DCSIMG

Swann seeks action on post-19 special needs

MORE provision needs to be put in place to cater for special needs teenagers once they reach the age of 19, UUP MLA Robin Swann says.

The Assembly has called on the Minister for Employment and Learning to provide the opportunities and support necessary to ensure that young people leaving special-needs schools at 16 and over 19 years of age “can further their education and aspire, where appropriate, to meaningful employment”.

He added: “Having worked with that section of our community for a number of years now, I am fully conversant with the problems that arise.

“We seem to be concentrating on one section of those people with learning disabilities. However, there are two sections. One section can undertake a certain kind of employment, but there is another group of people who cannot do so,” said Mr Swann.

“In that second section, there are people who remain in a special school until they are 19 years of age; for example, those who are afflicted with autism. When they reach 19 years of age, they are not able to move on to further education or employment and are left in their parents’ care.
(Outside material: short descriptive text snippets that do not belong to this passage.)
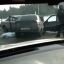 Смертельная авария под Дзержинском попала на видео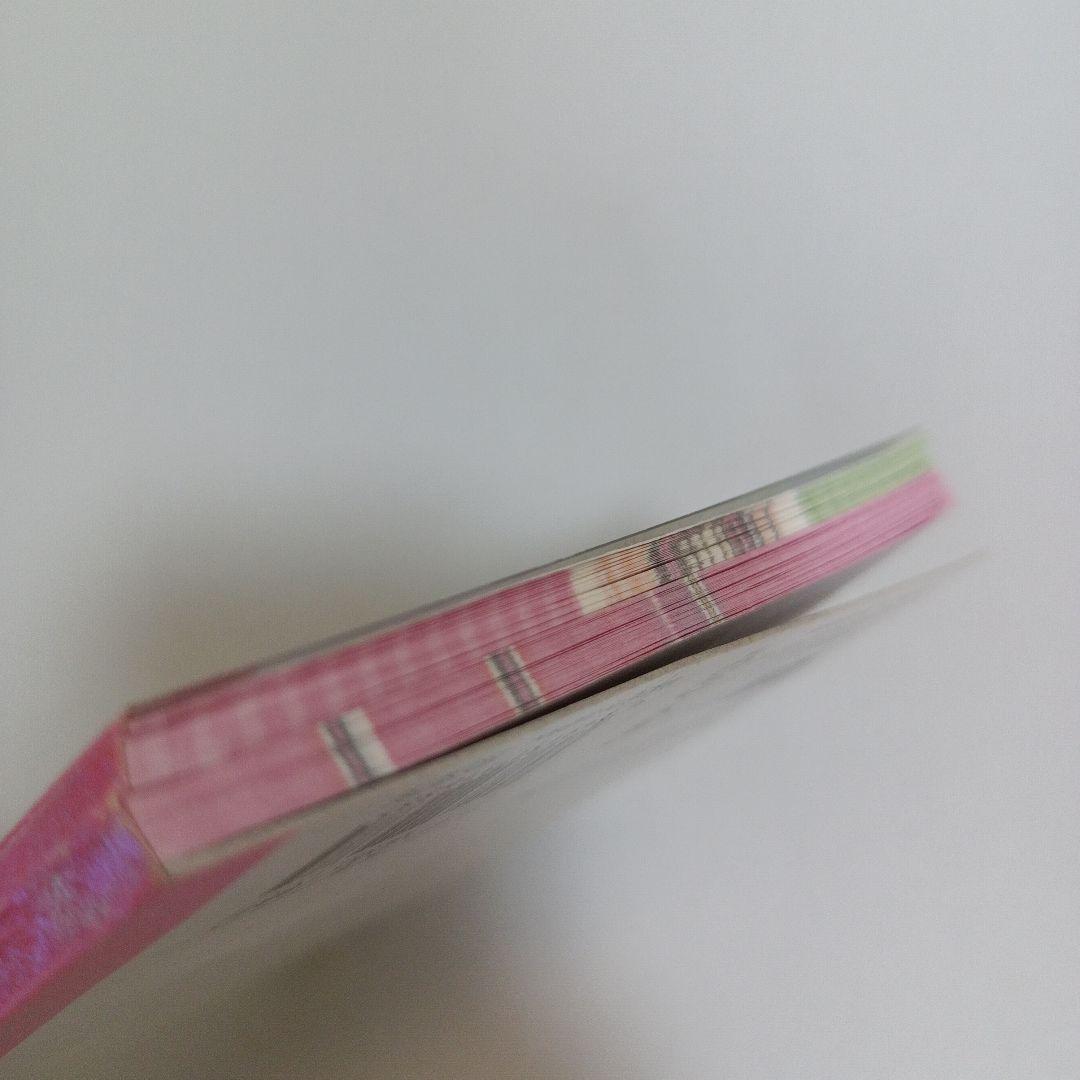 平成レトロ メモ帳 チケット 平成女子 ダイソー おまじない 文房具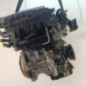 Moteur CITROEN C3 AIRCROSS
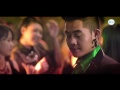 MV เพลง สักวาเปิ๊ดสะก๊าด - เก่ง ธชย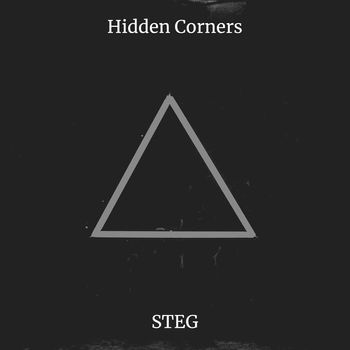 STEG - Hidden Corners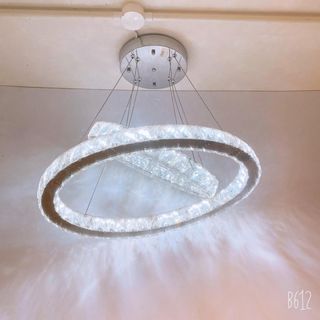 (Category: ) located in . Submitted by led0115 (Listing ID 1071607777, Image 1). Description: .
“Their only outlet is to go to a day centre, where they are grouped with older people who, very often, are suffering from some kind of mental disability. In that context, we must examine both sides of the equation,” he said.
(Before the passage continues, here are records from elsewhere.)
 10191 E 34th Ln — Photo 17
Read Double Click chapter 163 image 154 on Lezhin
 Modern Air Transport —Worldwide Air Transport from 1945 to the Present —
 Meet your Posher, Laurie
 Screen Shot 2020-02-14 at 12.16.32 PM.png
Mr Swann added: “I support everything that has been said about employment for people who are 19 years old, or even younger. That is something which has been concentrated on in Castle Tower Special School, in Ballymena, for example.

“It monitors those young people as they grow up through their teenage years. Working in close co-operation with what is now the Northern Regional College, we have had the pleasure of seeing so many of those young people enter some form of employment, which has enhanced their quality of life.
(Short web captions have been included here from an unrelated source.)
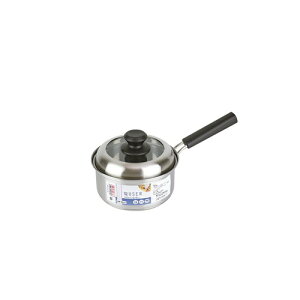 yMtgÊz[U[ IHΉЎ16cm(KXtW) RB-2314(A4)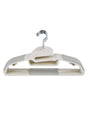 Image for Clothes Hangers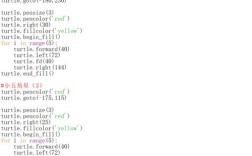 坐标代码打字具体怎么操作？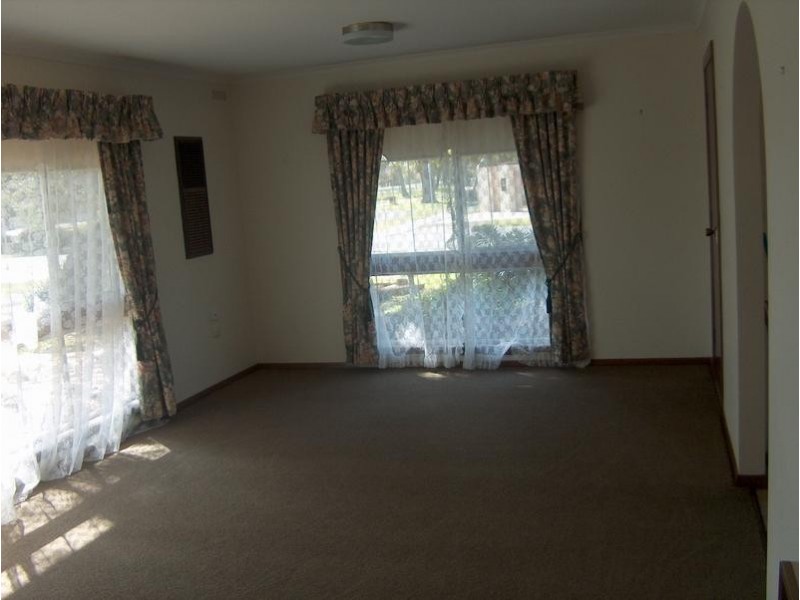 2 Savige Road, Stanhope VIC 3623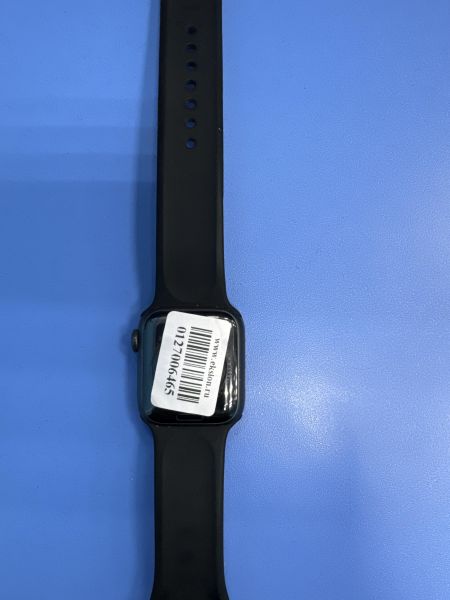 Купить Apple Watch SE 40mm (A2351) с СЗУ в Иркутск за 2700 руб.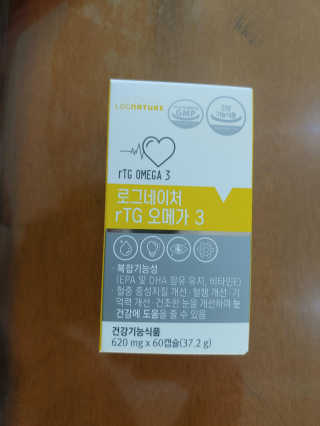 랄라님이 올린 리뷰 사진 3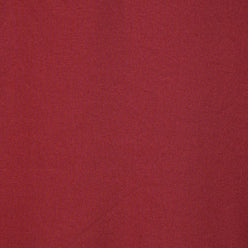 Embroidered Short Kurta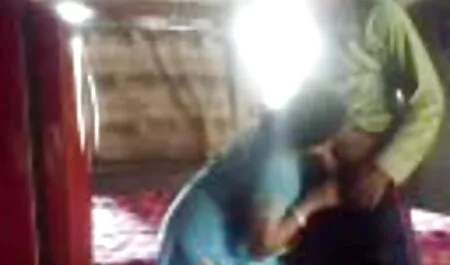 I ubode videoporno dolar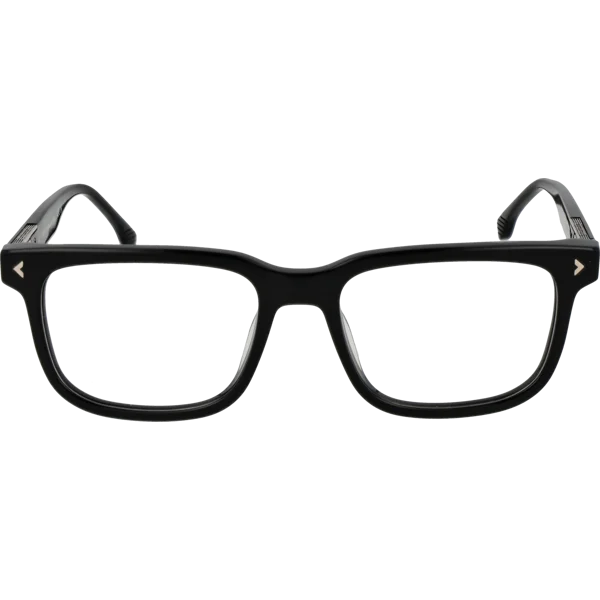 Lozza Optical Frame VL4326 700Y 54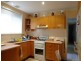 47 Gruner Street, Weston ACT 2611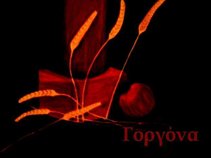 Μεγαλος Πολεμιστης Δεσφα (G.W.Desfa)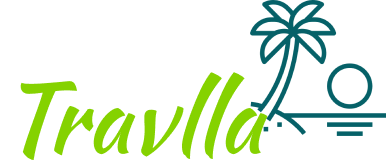 Travlla
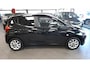 Opel Karl 1.0 ecoFLEX Cosmo / Stoel verw / Climate / Leder / Stuurwiel verw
“On that note, we should pay tribute not only to the teachers in special schools - of whom I cannot speak highly enough - but to those in the further education system who take on board the problems of those young people, and to the lecturers who have given themselves the special task of endeavouring to help those young people towards some form of normality in life.

“We should pay tribute to those people who have done so much to help young people with special needs,” said Assemblyman Swann.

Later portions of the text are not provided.